The Massachusetts Trade Secrets Act (MUTSA) defines a trade secret as any information, tangible or intangible, that provides an economic advantage by not being generally known or readily ascertainable. Examples of trade secrets include proprietary information about a business or its products that are not available to the public such as formulas, recipes, programs, patterns or processes.
Generally, if the information is something that other people can learn by being in the industry, it is not a trade secret. A customer list, for instance, may be readily ascertainable and not qualify as a trade secret if the contact information can be found online.
Filing a trade secret misappropriation claim
Misappropriation occurs when an employee obtains the secret by illegal and unethical means, such as violating their confidentiality agreement, and then discloses it to a third party who should not have access to it.
However, it can be costly, especially for a startup, to sue an individual or company for trade secret misappropriation. Employers should take preventive measures to safeguard trade secrets before there is any risk of misappropriation.
Preserving trade secrets when offboarding employees
Inappropriate disclosure of trade secrets is most likely to occur when an employee is transitioning to a new workplace. There are two simple ways to mitigate this risk when offboarding an employee:
The first is to remind the employee about the confidentiality agreement they signed during the leave interview or upon resignation.
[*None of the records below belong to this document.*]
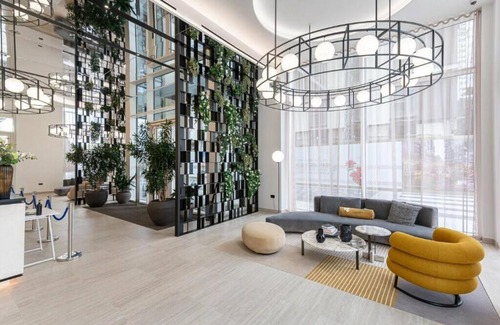 Shepherd's Bush Apartment | Modern bright flat with balcony, courtyard and gym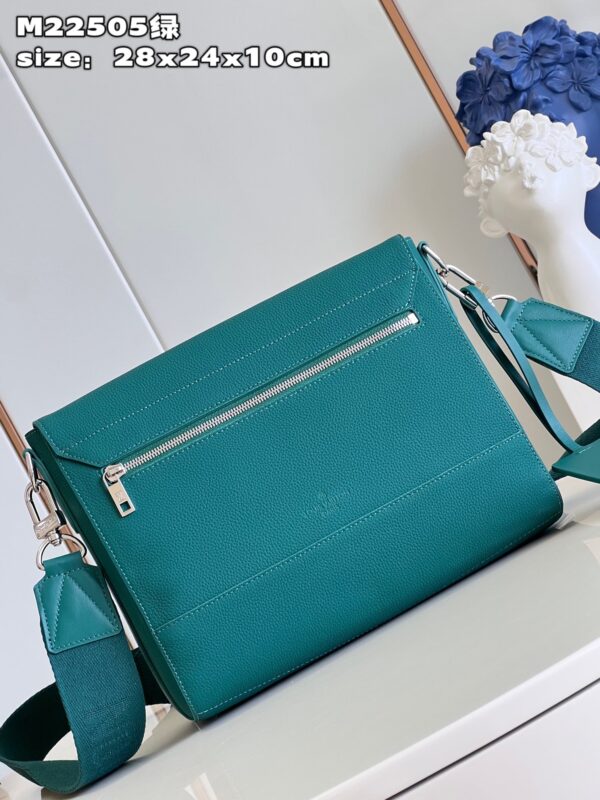 Louis Vuitton Takeoff Messenger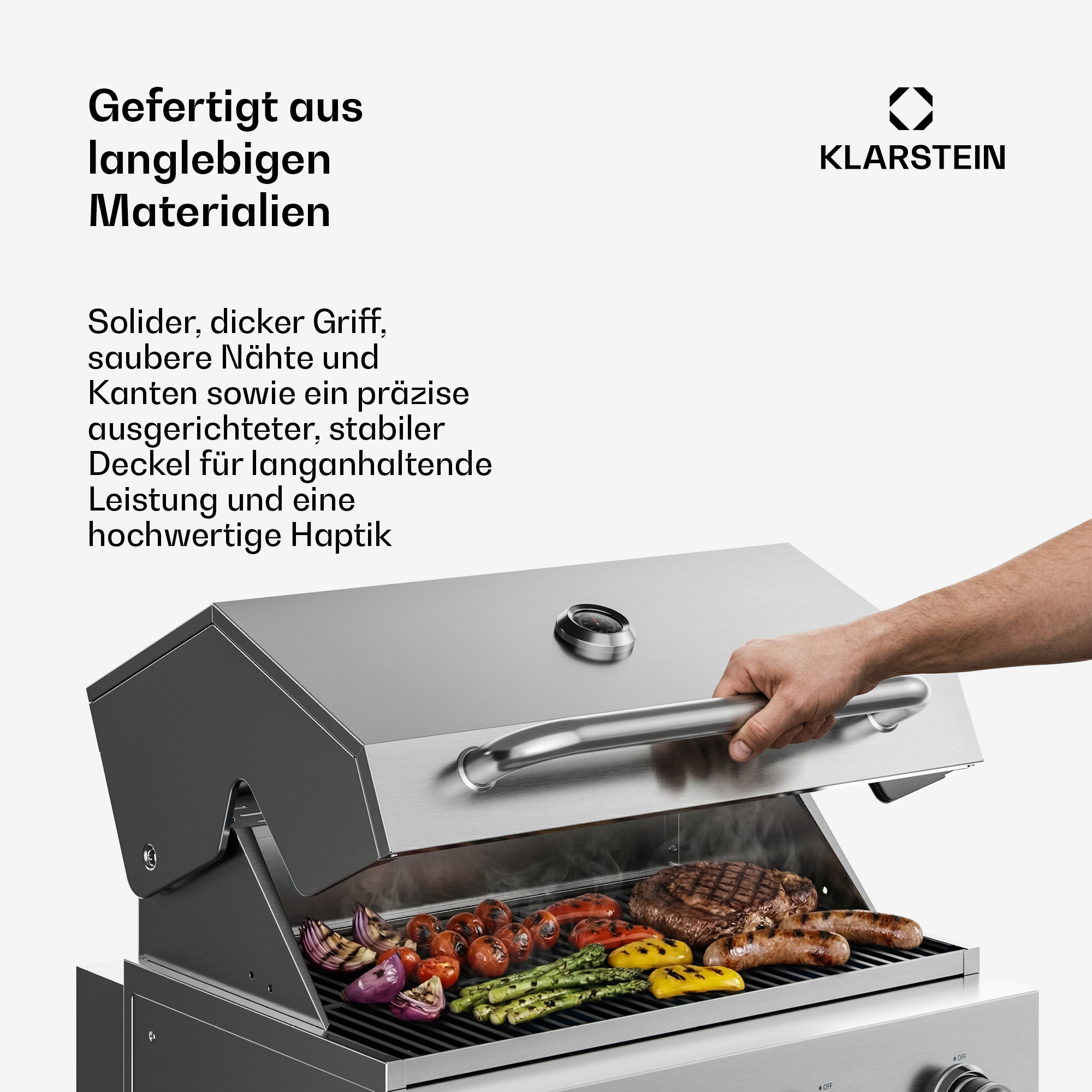 Edelstahlgrill mit offenem Deckel, auf dem Fleisch und Gemüse gegrillt werden.
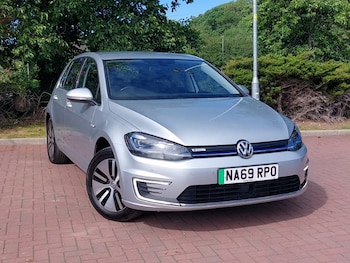 Used Volkswagen Golf 2019 for sale - 78751218: Photo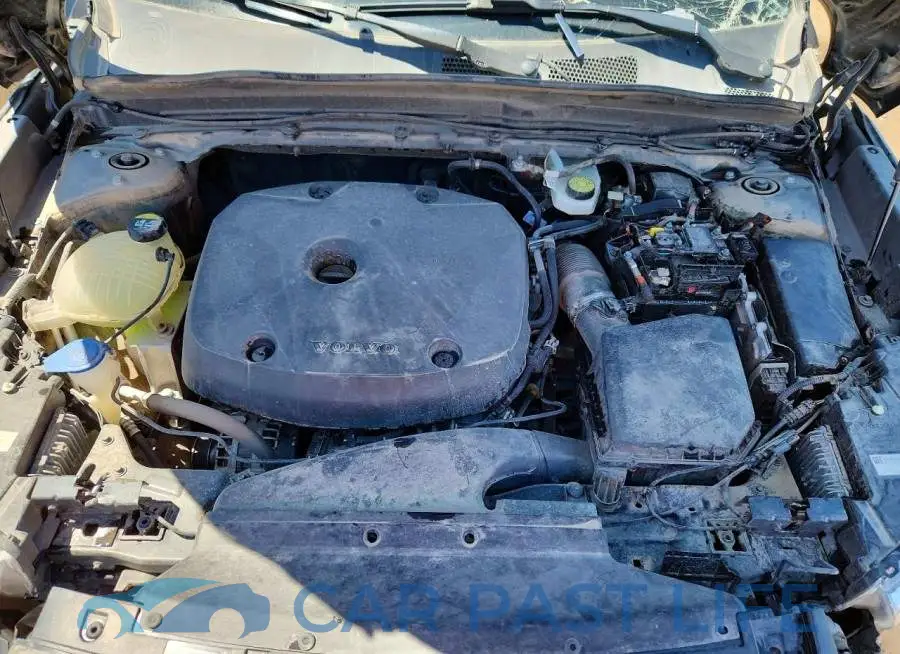 YV4162UK9L2263300# 11
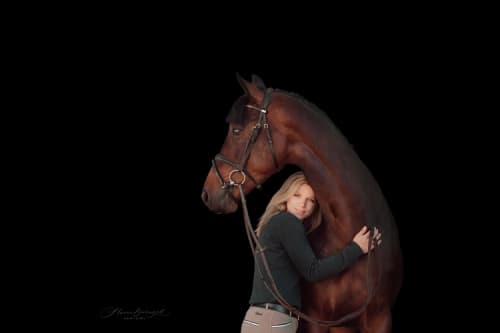 /_vercel/image?url=/Fille+avec+son+cheval.&w=1536&q=100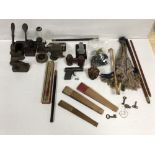 A GROUP OF ASSORTED COLLECTIBLES, INCLUDING FANS, CARVED WOODEN FIGURE, BOSTON PENCIL POINTER AND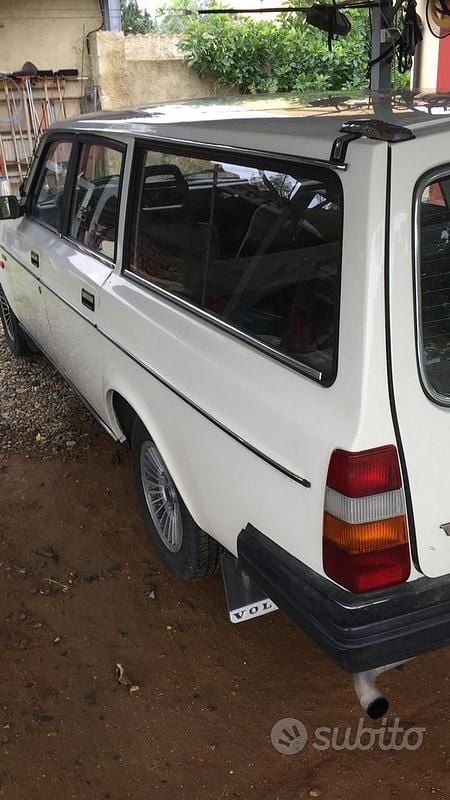 Usata Volvo 240 79 CV (58 kW) 1981 Bianco Station wagon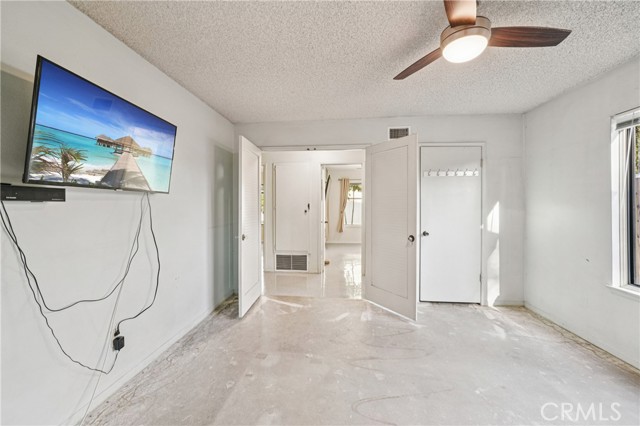 Detail Gallery Image 20 of 37 For 571 Oriole, Corona,  CA 92879 - 4 Beds | 2 Baths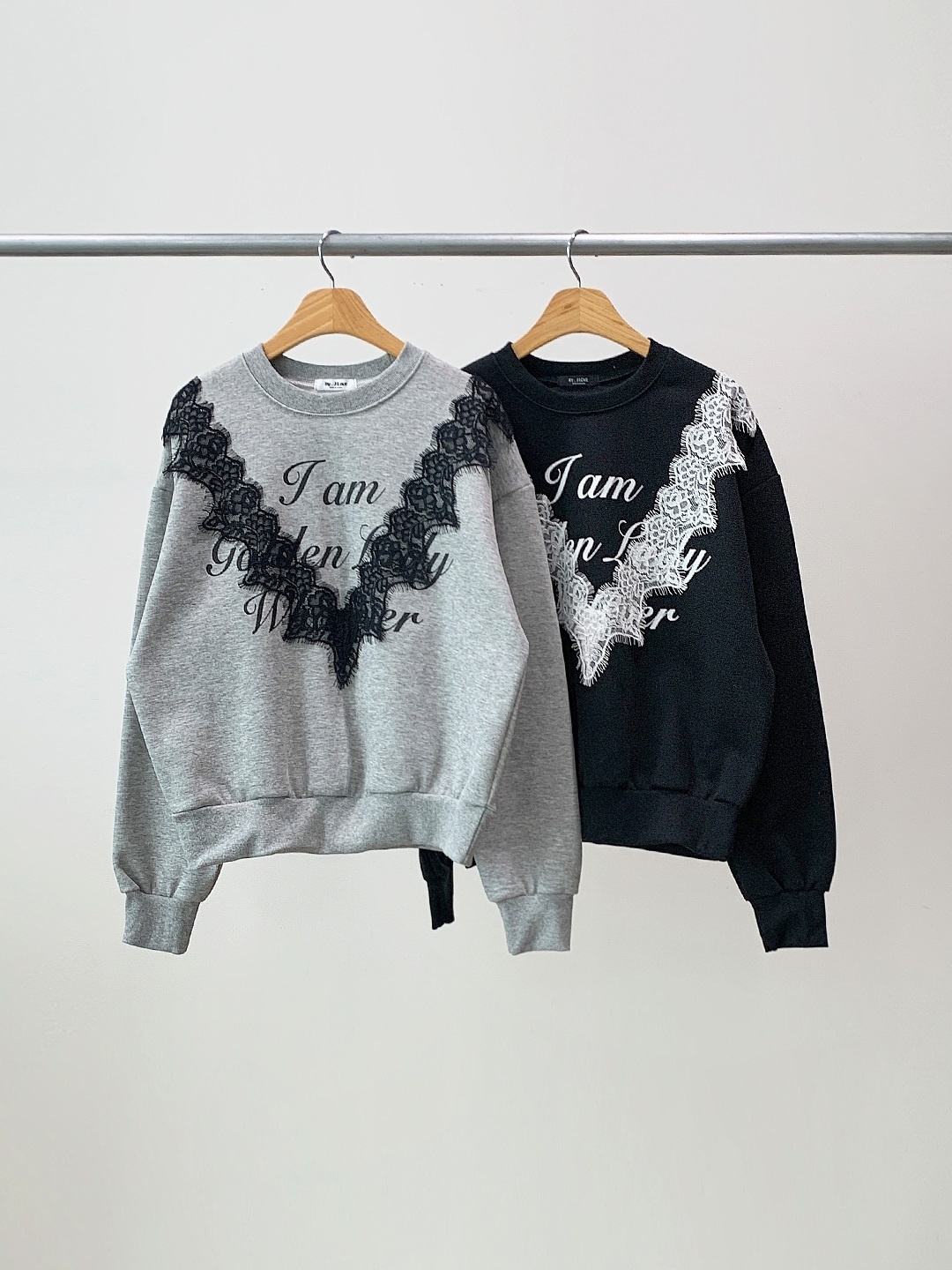 ラウンドネックプリントレーススウェット | 詳細画像17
While it may not completely deter the employee from revealing your secrets, the threat of legal action should make them think twice.
The second is to retrieve all company equipment immediately. Specify a timeframe by which they must return the equipment and remove the employee’s access to company devices and databases to reduce the risk of data theft.
Taking preventative measures to safeguard your business’s most valuable assets is an excellent way to accelerate growth and maintain a competitive edge. If you need advice on what methods you should be using, a business attorney may be a good resource to tap into.